As if there weren’t already enough cool things for New Yorkers to do, tomorrow offers residents of the Big Apple the chance to see a rare occurence: Manhattanhenge (also sometimes called the Manhattan Solstice, but we prefer the name Manhattanhenge because the term was coined by the awesome Dr. Neil deGrasse Tyson).
Manhattanhenge doesn’t involve any ancient and mysterious rock formations like the prehistoric English monument that gave it the “henge” part of its name, but it’s a suitable replacement.

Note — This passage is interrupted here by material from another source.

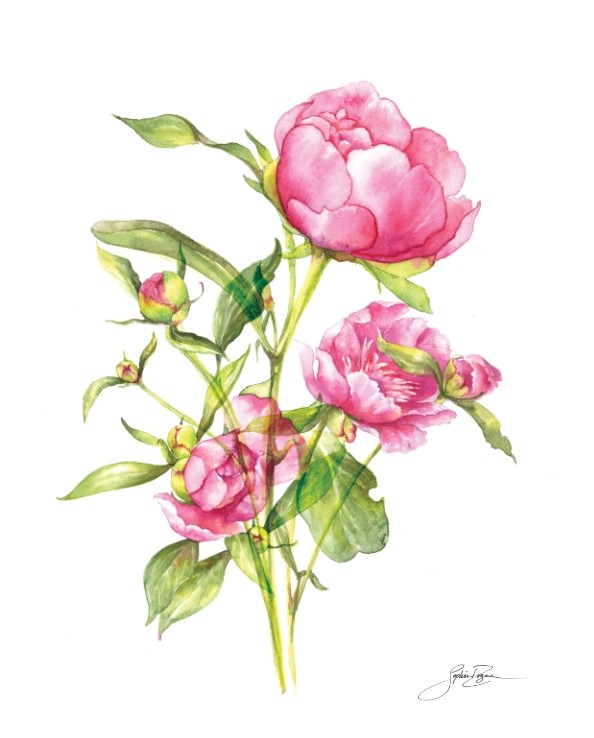 Affiche, --- Pivoines ---, de l'artiste Sophie Rozenn Boucher, dimension : 10 x 8 pouces de largeur, affiche prête à être encadrée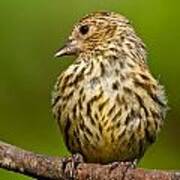 Pine Siskin With Yellow Coloration Poster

Manhattanhenge is the twice-yearly event during which the sun sets exactly in line with the east-west streets that cut across Manhattan. It creates some pretty cool visuals, which you can see in the pictures below:
This year, Manhattanhenge will take place on May 29th (tomorrow) and again on July 12th. As deGrasse Tyson points out, “these two days happen to correspond with Memorial Day and Baseball’s All Star break. Future anthropologists might conclude that, via the Sun, the people who called themselves Americans worshiped War and Baseball.”
For any readers lucky enough to be in NYC tomorrow, we recommend finding a patio with a good view west. The sun will set somewhere around 8:15-8:30 (look it up if you want the exact time), so make sure you don’t miss out.